[Stored entries]
*-*-*

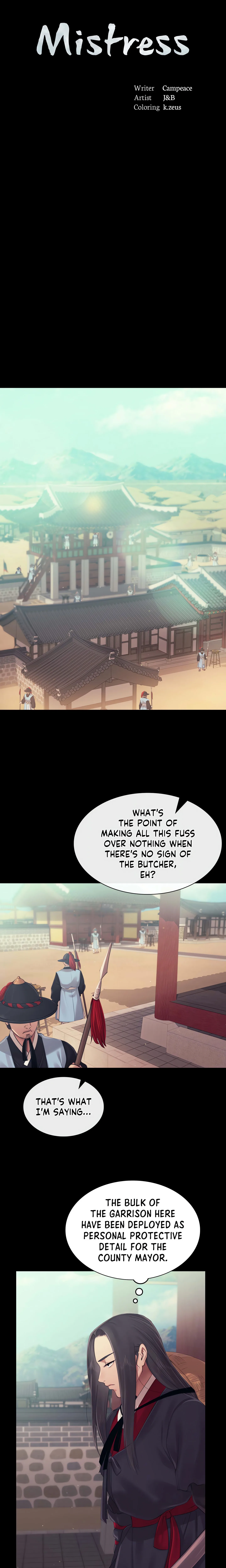 Mistress (Official) chapter 119 page 2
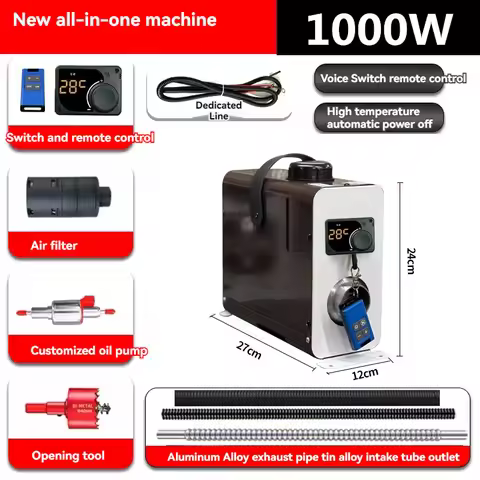 Mini Van Parking Heater Diesel Heater Electric Vehicle Diesel Heater Integrated Machine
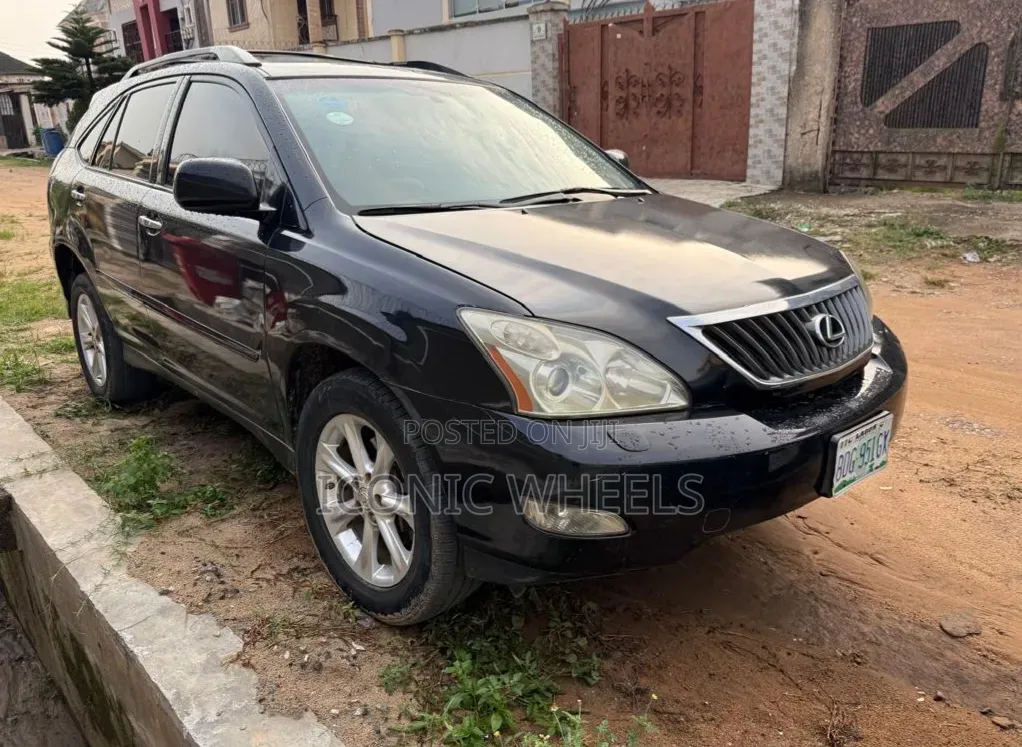 Lexus RX 2008 Black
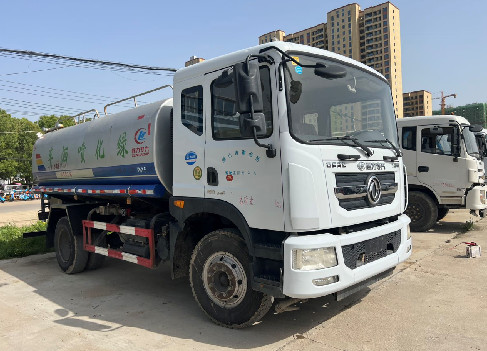 二手14方灑水車_二手14方東風多利卡d9灑水車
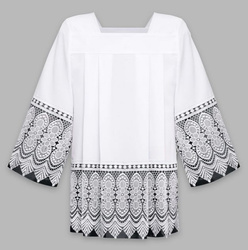 Komża z gipiurą - 30 cm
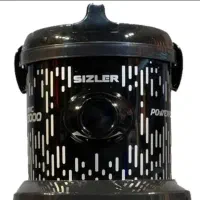 جاروبرقی/سطلی SIZLER/5000w جارو برقی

*-*-*

Give a verbatim transcription of the entries, leaving out the pictures.

**REPLY**
 Mistress (Official) chapter 119 page 2
 Mini Van Parking Heater Diesel Heater Electric Vehicle Diesel Heater Integrated Machine
 Lexus RX 2008 Black
 二手14方灑水車_二手14方東風多利卡d9灑水車
 Komża z gipiurą - 30 cm
 جاروبرقی/سطلی SIZLER/5000w جارو برقی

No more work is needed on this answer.